Machine Learning-based Multi-path Reliable and Energy-efficient Routing Protocol for Underwater Wireless Sensor Networks
Zahid Khan, Muhammad Aman, Wazir Ur Rahman, Faran Khan, Tooba Jamil, Rifhat Hashim
Abstract
The research on applications for Underwater Wireless Sensor Networks (UWSNs) including the investigation of submerged resources, gathering oceanographic data, conducting operational surveillance, and prevention from natural disasters is rapidly increasing. Traditional wireless sensor networks (TWSNs) are distinct from UWSNs. Routing protocols of TWSNs are also distinct from UWSNs routing protocols in terms of energy efficiency. Most of routing protocols have been developed to extract data from the ocean floor to the surface of waters. There are many challenges for indigenous designing of an efficient routing protocol for UWSNs, such as, design of reliable path for forwarding communicating data packets, managing the movement of nodes, configuration of sensor nodes, removing void communicating nodes and increasing the power efficiency of the system.
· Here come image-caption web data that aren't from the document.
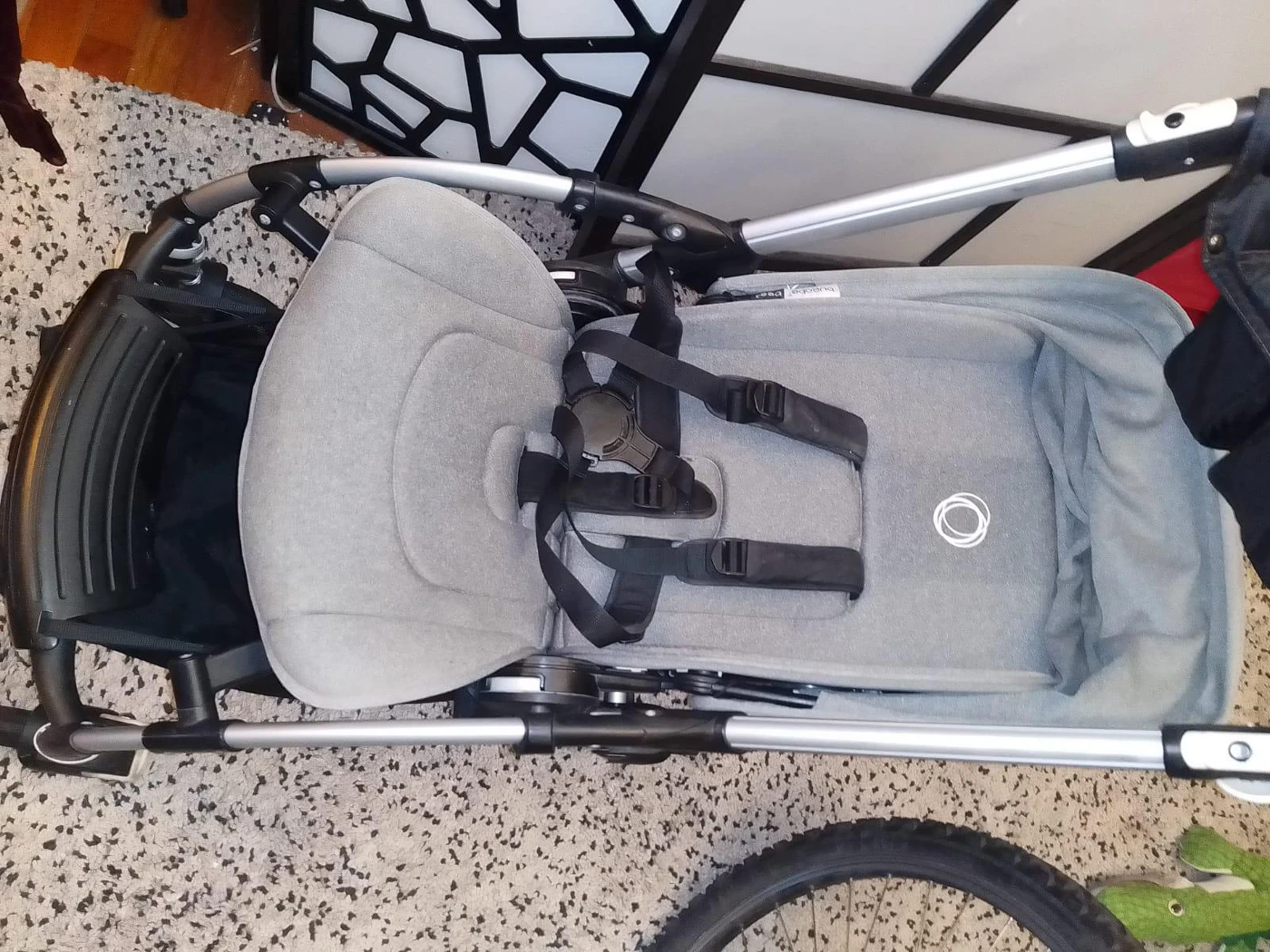 stroller used two times new$800 Bugaboo Bee3 image indicator(6)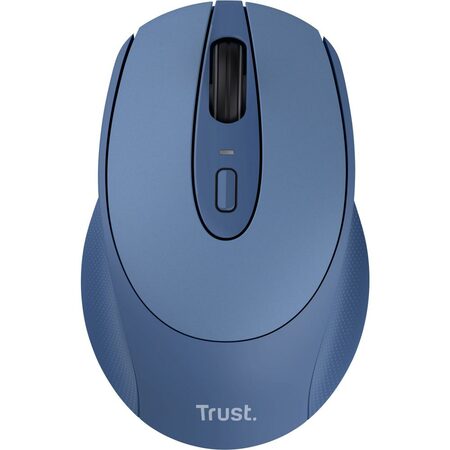 Myš Trust Zaya Rechargeable optická/4 tlačítek/1600DPI - modrá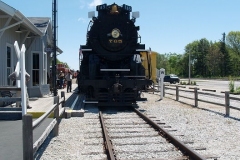 2009/05/22: 765 at Hoosier Valley Railroad Museum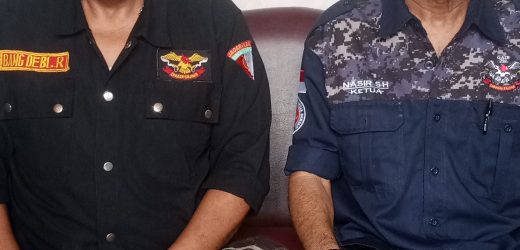 Ketua DPC.gabungan anak indonesia bersatu ajang kemitraan bersama Kejati serang dalam rangka Hari pahlawan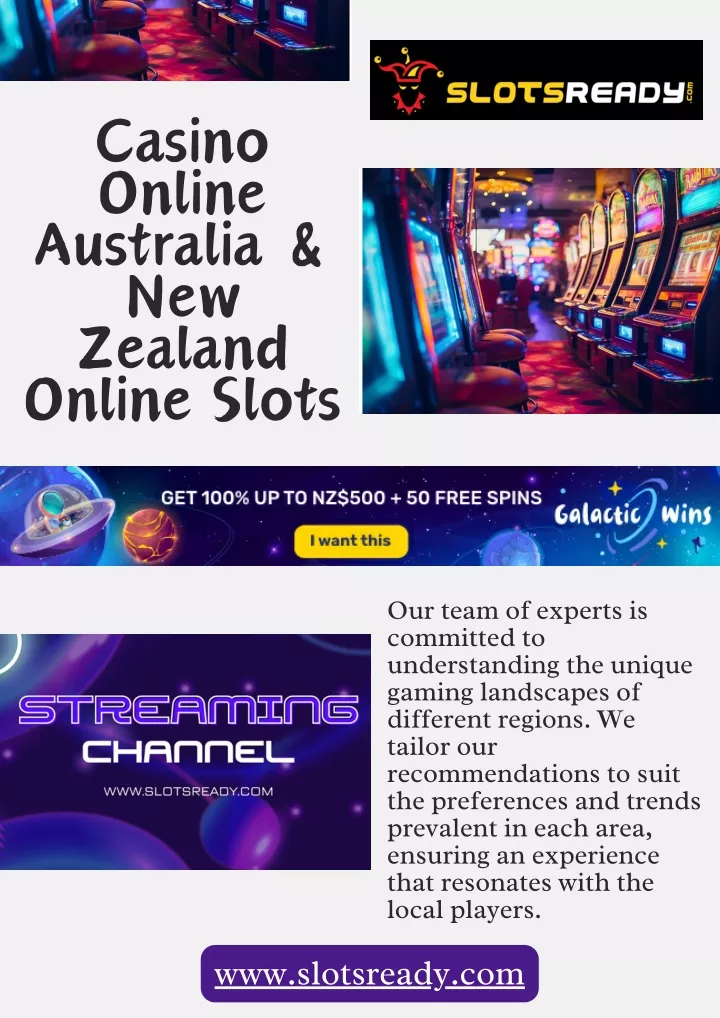 casino online australia new zealand online slots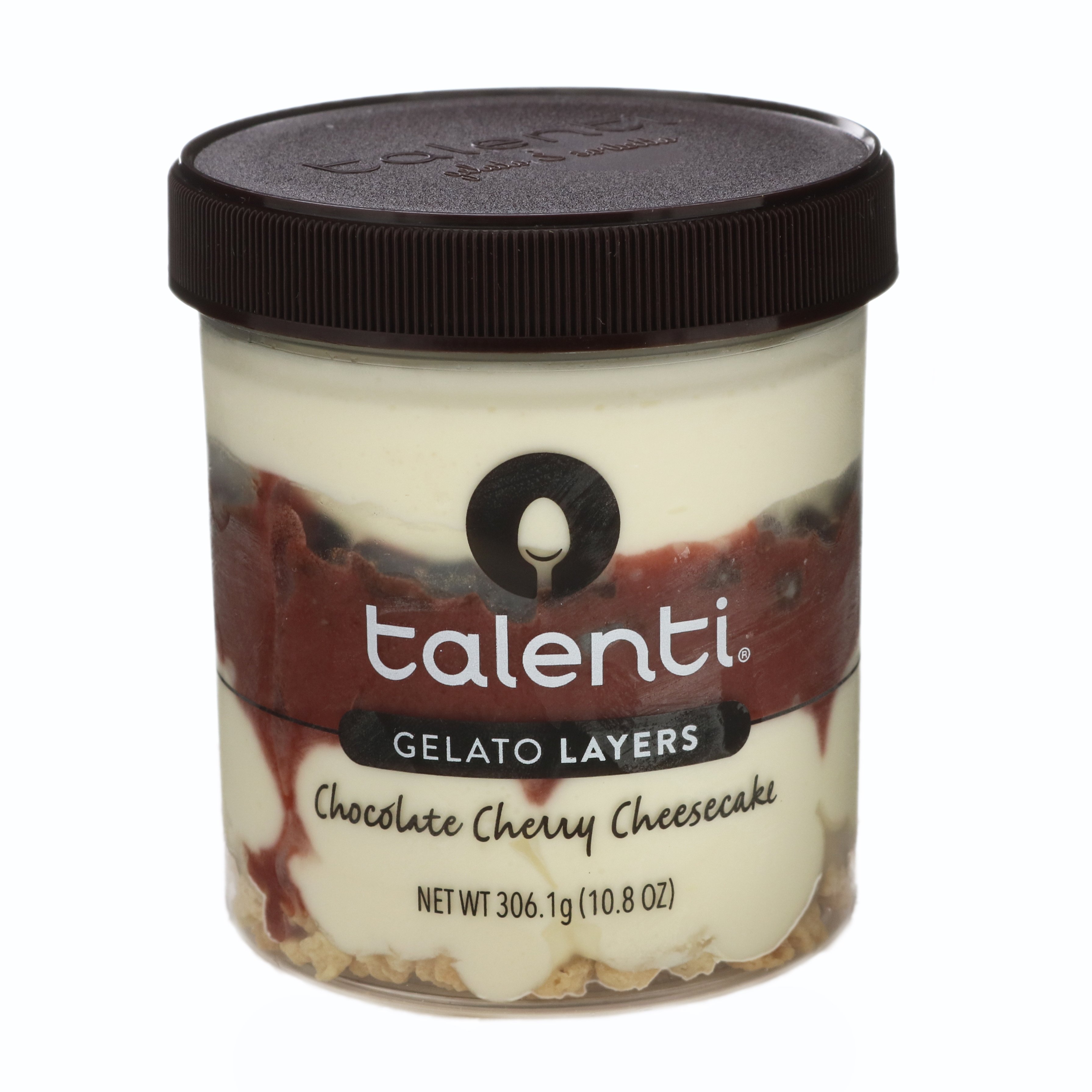 Talenti Gelato Layers Dark Chocolate Cherry Ice Cream, 11.4 oz - Foods Co.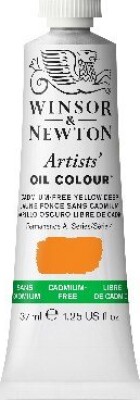 Winsor & Newton - Oliemaling - Artists - Cadmium-free Yellow Deep 37 Ml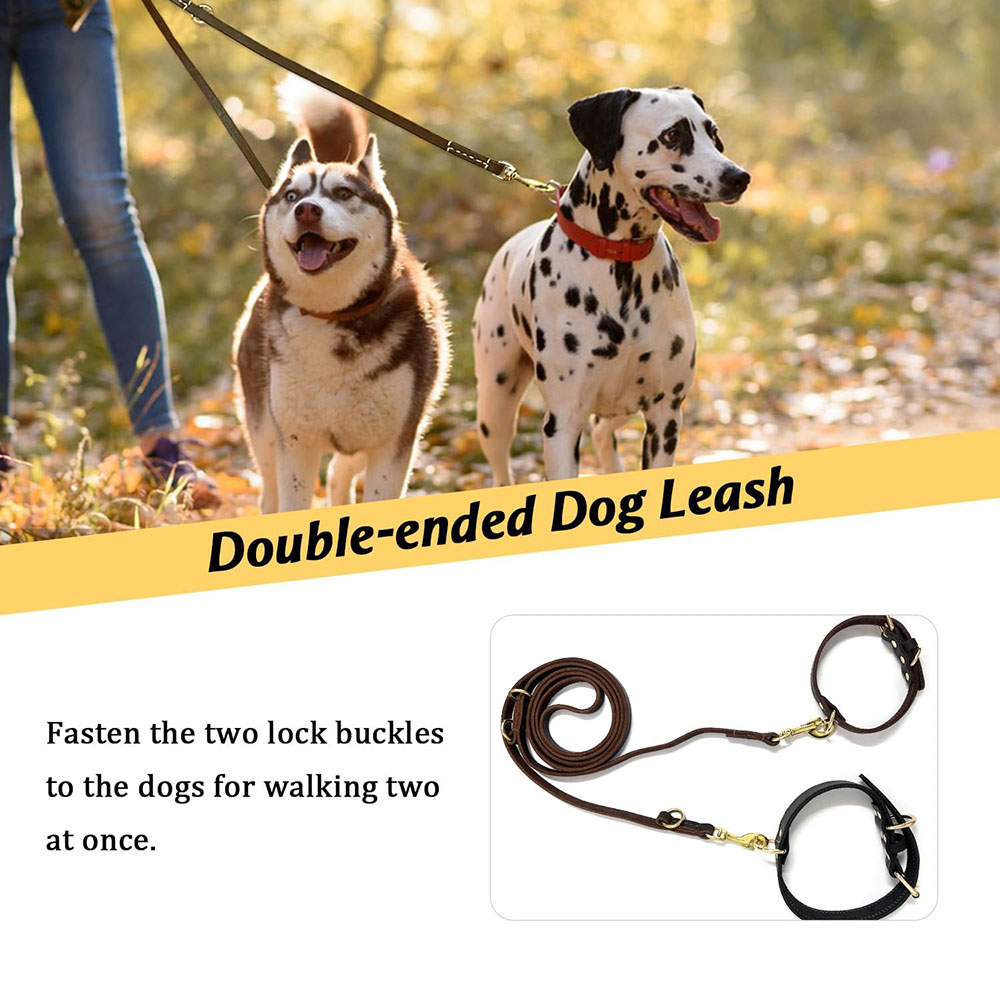 Multi Function Leather Dog Lea - Running Gear Dog ulasan dan harga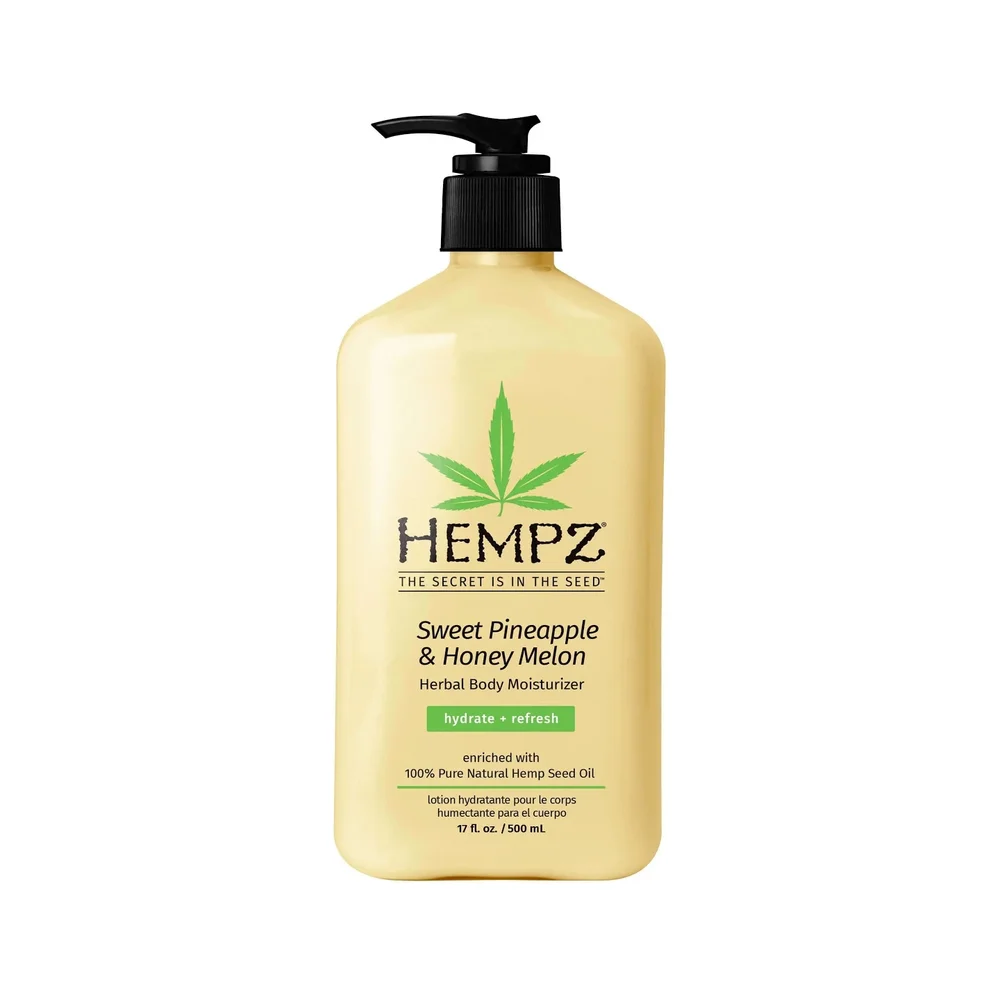 HEMPZ Sweet Pineapple & Honey Melon Body Lotion - Picture 1 of 4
This research focuses on designing a novel Machine learning-based multi-path reliable and energy-efficient routing protocol (M2RE2RP) for UWSNs. It will select an efficient path among the existing communication paths used by sensor nodes, which will ultimately increase the lifespan of the network. The simulation experiment results dictate that the proposed routing model M2RE2RP achieves better performance in terms of network throughput, end-to-end latency, total energy consumption and network lifetime.